_What is required_.
With pictures excluded, copy word for word the lines in the data below from the line containing "Our latest update" through the line containing "It gives you".

_Record excerpts_.

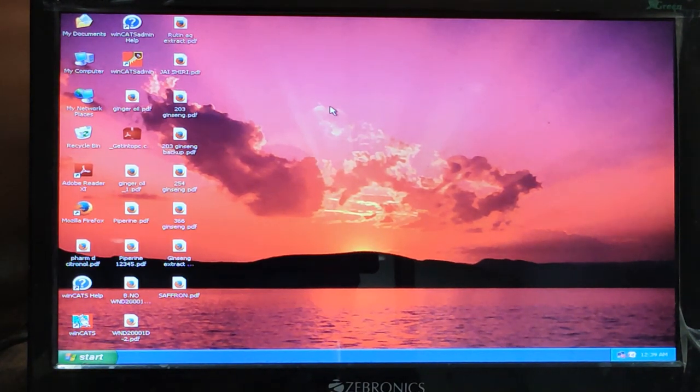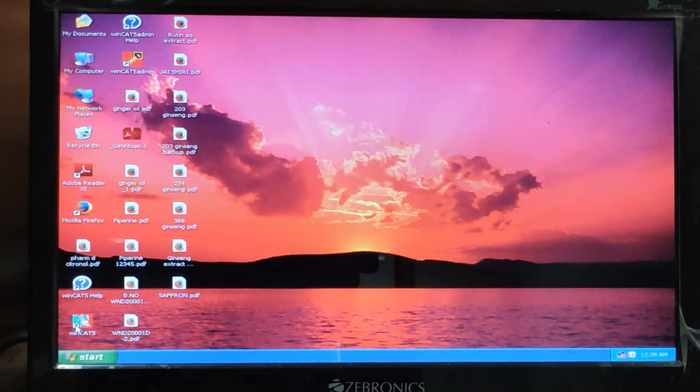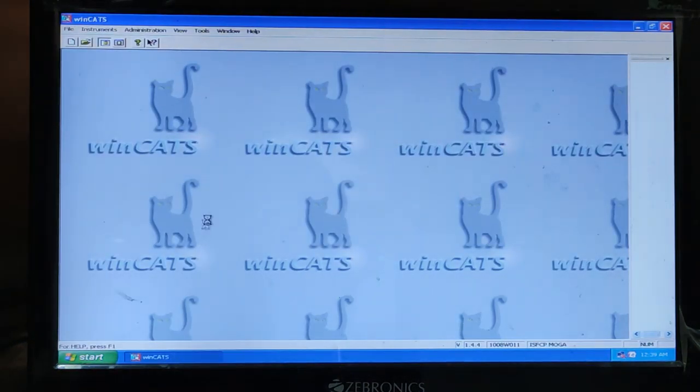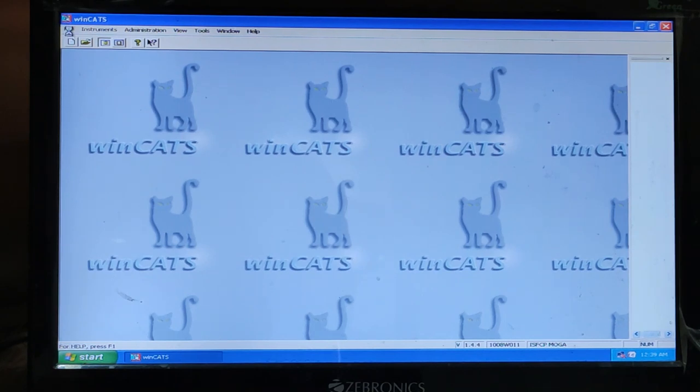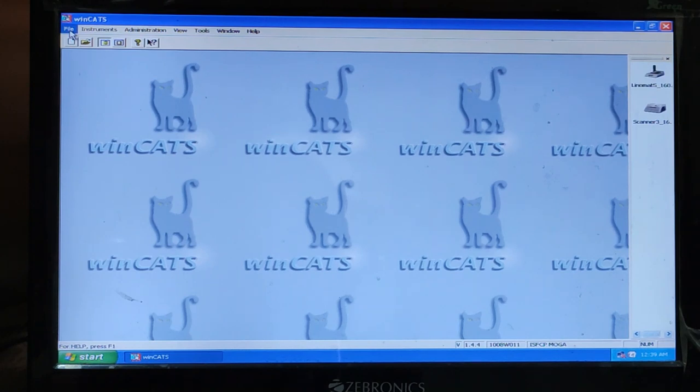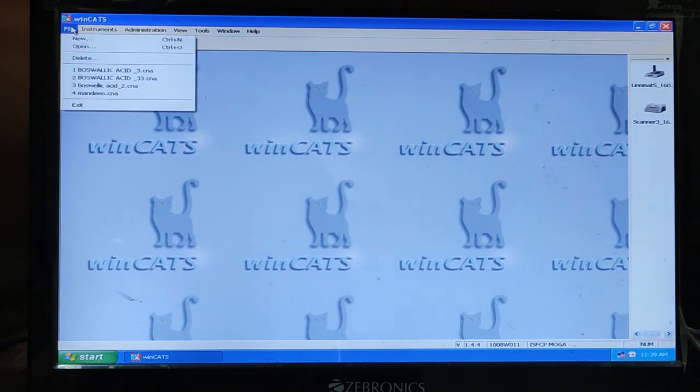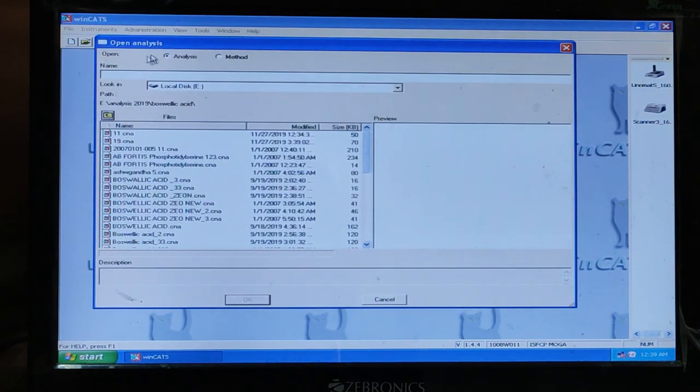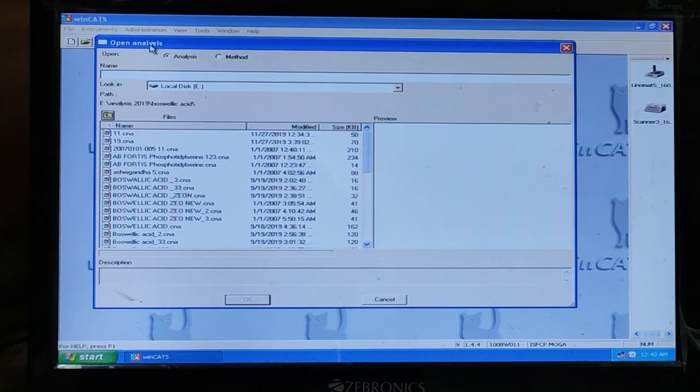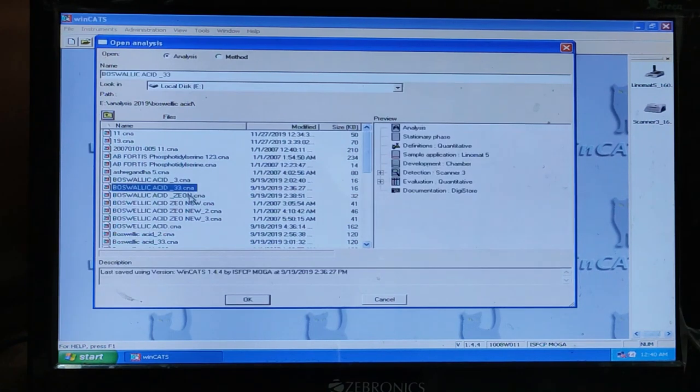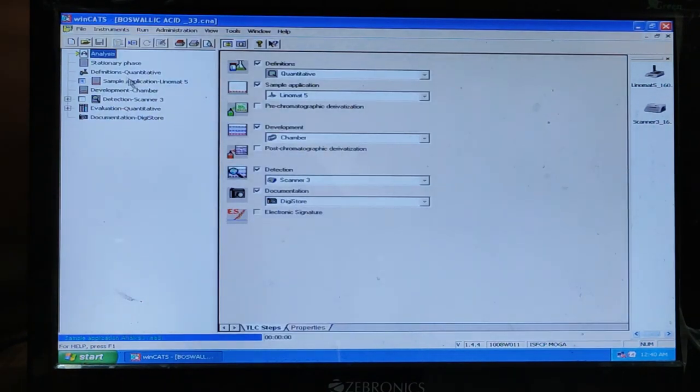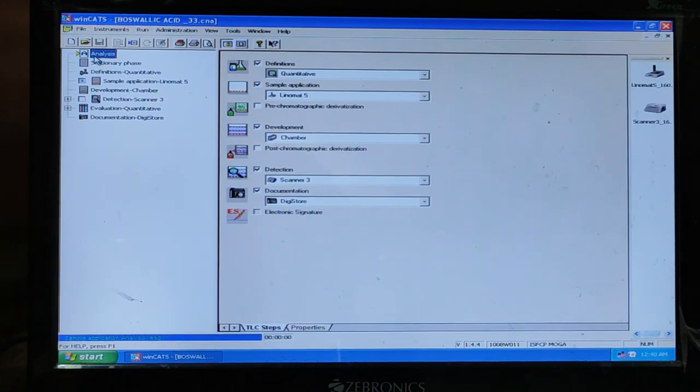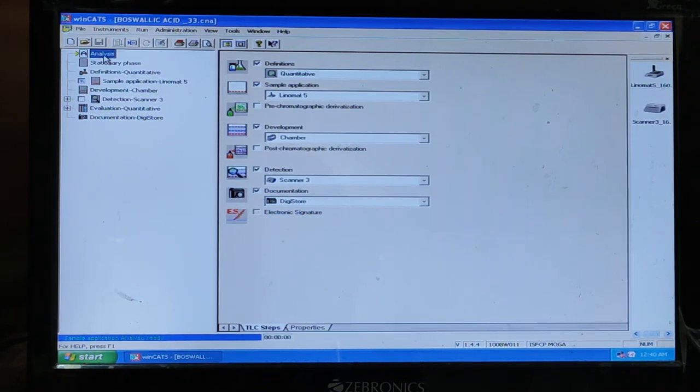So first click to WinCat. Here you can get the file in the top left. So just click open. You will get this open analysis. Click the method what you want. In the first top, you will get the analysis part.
* * *
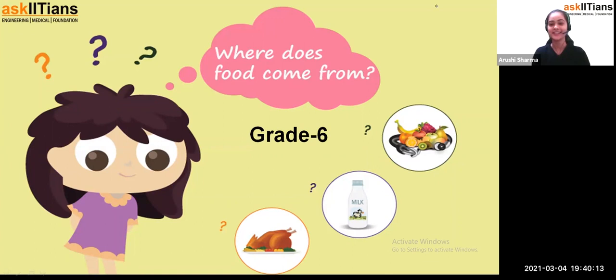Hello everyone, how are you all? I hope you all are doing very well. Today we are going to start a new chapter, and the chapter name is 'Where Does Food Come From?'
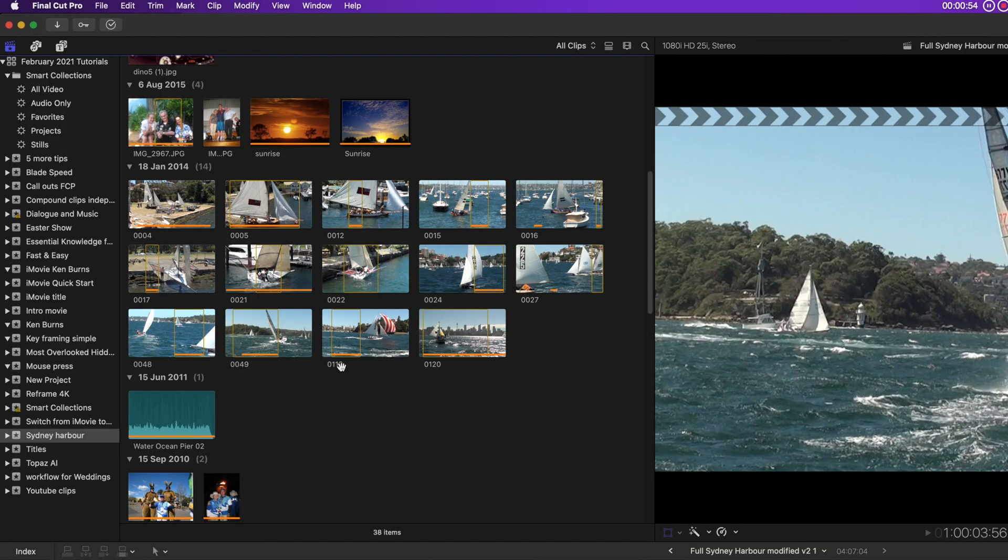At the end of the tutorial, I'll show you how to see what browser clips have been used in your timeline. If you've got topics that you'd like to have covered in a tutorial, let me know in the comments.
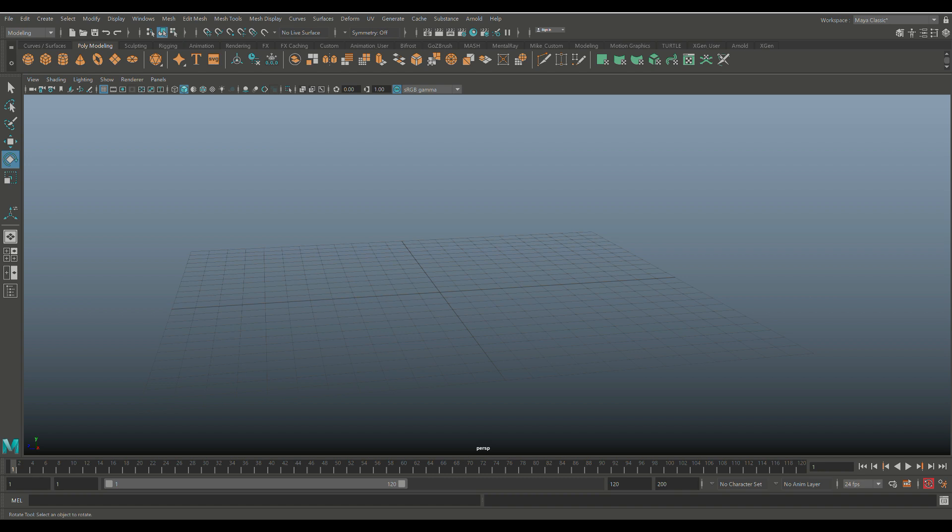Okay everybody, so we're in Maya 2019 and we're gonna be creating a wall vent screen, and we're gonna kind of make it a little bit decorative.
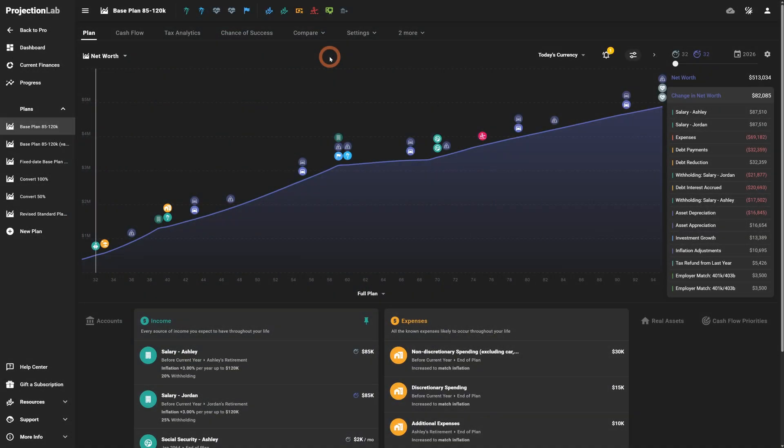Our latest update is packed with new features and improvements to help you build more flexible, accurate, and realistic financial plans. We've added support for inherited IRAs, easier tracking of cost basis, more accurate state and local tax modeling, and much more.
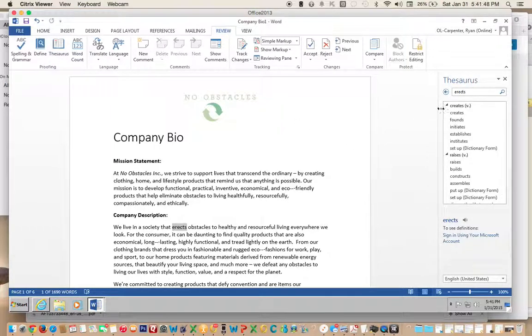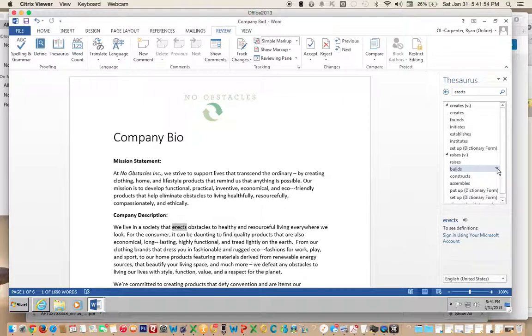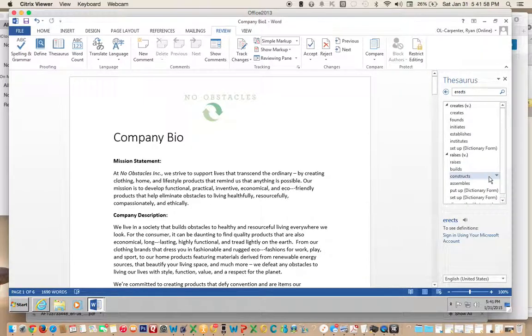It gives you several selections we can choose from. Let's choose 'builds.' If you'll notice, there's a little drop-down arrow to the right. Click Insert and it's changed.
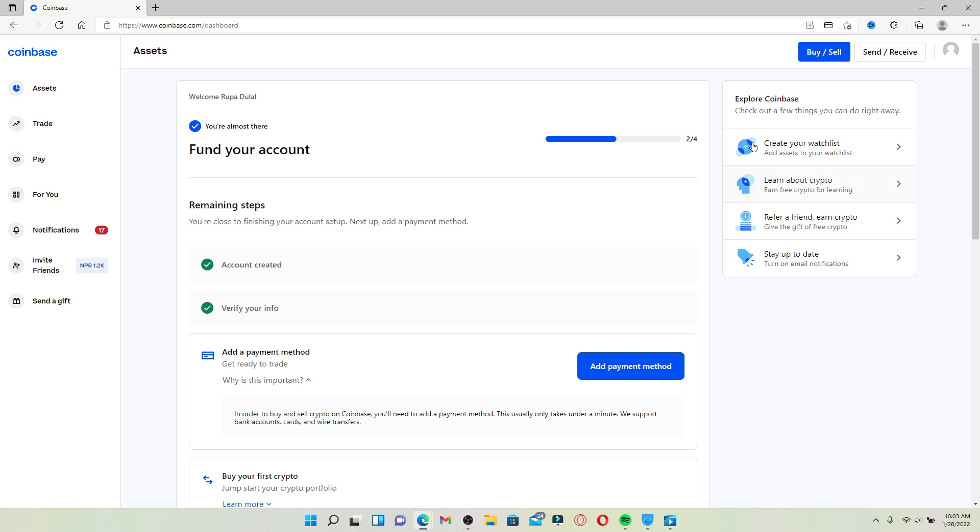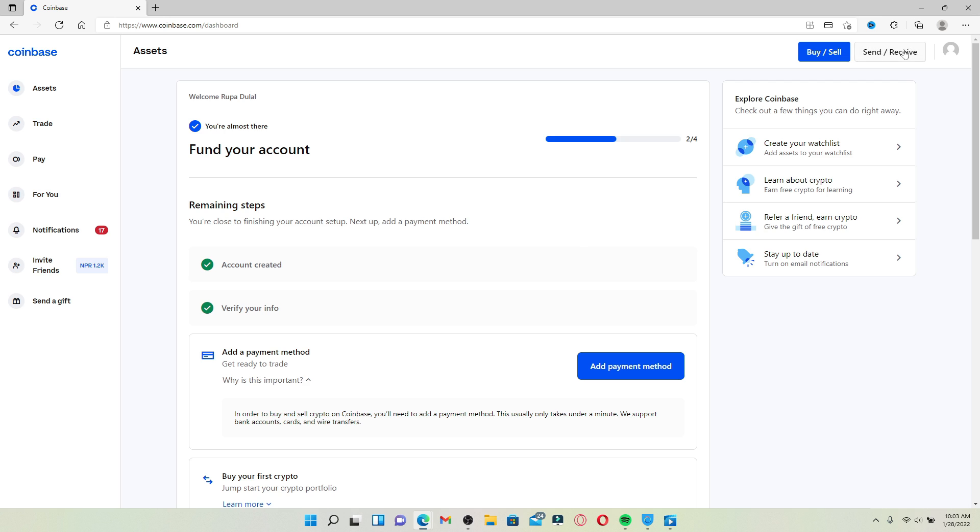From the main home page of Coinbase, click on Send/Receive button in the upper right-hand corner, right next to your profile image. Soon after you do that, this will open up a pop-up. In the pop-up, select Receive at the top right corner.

_Written reply_.
Our latest update is packed with new features and improvements to help you build more flexible, accurate, and realistic financial plans. We've added support for inherited IRAs, easier tracking of cost basis, more accurate state and local tax modeling, and much more.
It gives you several selections we can choose from. Let's choose 'builds.' If you'll notice, there's a little drop-down arrow to the right. Click Insert and it's changed.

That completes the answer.